§ **Exercise description**:
From the first line of the listing, copy each line exactly until you have included the line with "For the third"; leave out the pictures.

§ **Data**:
Content starts

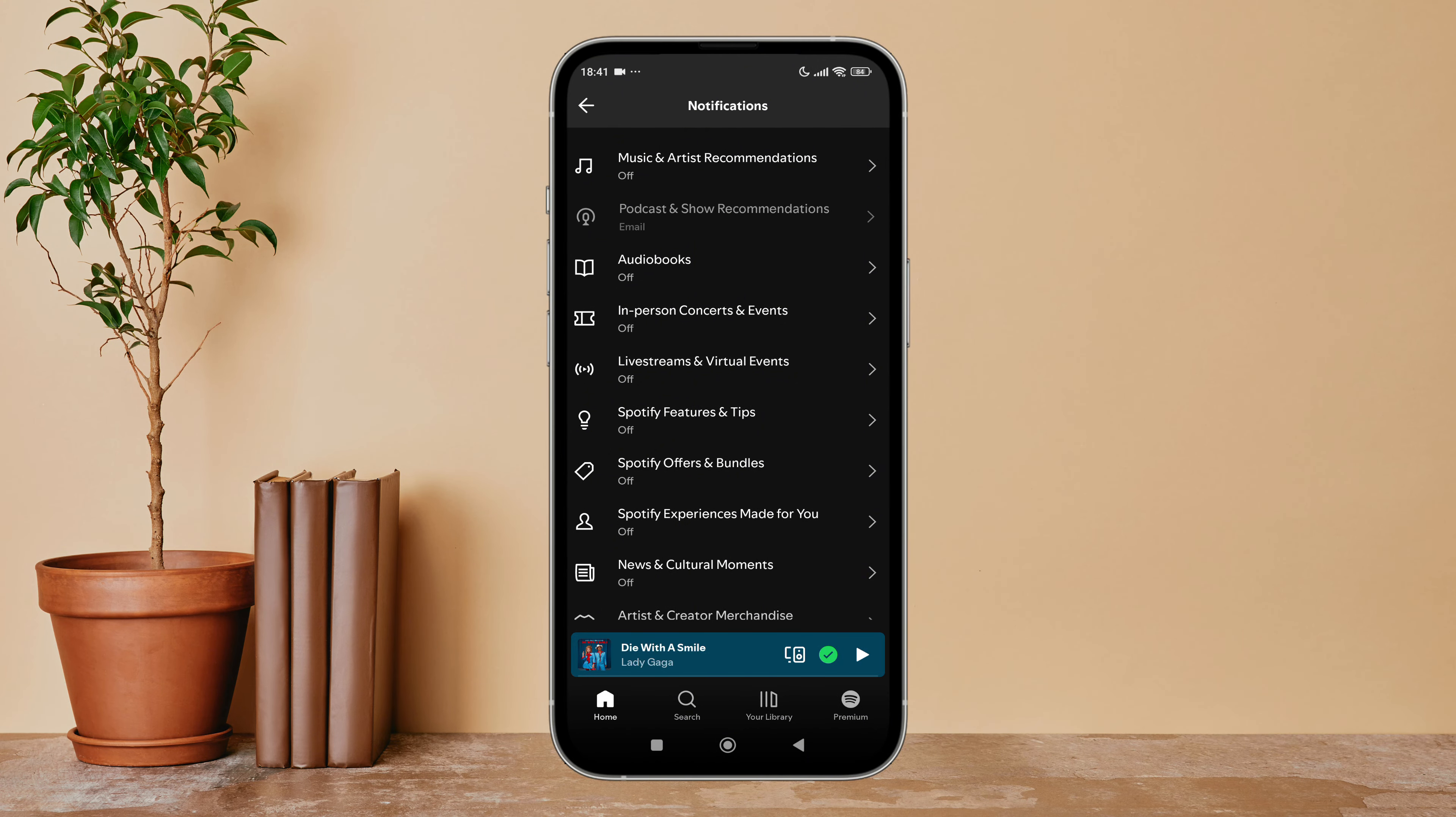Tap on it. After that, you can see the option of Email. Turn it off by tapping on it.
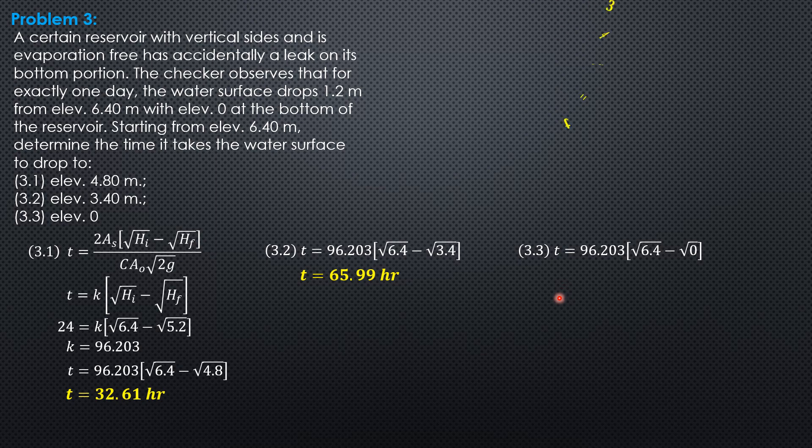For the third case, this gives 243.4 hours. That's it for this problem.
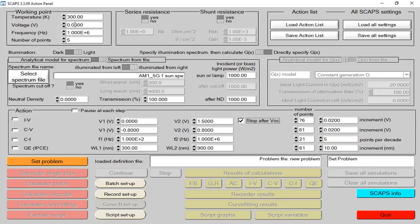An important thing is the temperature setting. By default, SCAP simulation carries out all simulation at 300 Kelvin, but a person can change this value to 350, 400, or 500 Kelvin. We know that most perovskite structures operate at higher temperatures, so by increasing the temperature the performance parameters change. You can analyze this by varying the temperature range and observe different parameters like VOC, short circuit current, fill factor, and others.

Content ends

§ **Reply to the task**:
Tap on it. After that, you can see the option of Email. Turn it off by tapping on it.
For the third case, this gives 243.4 hours. That's it for this problem.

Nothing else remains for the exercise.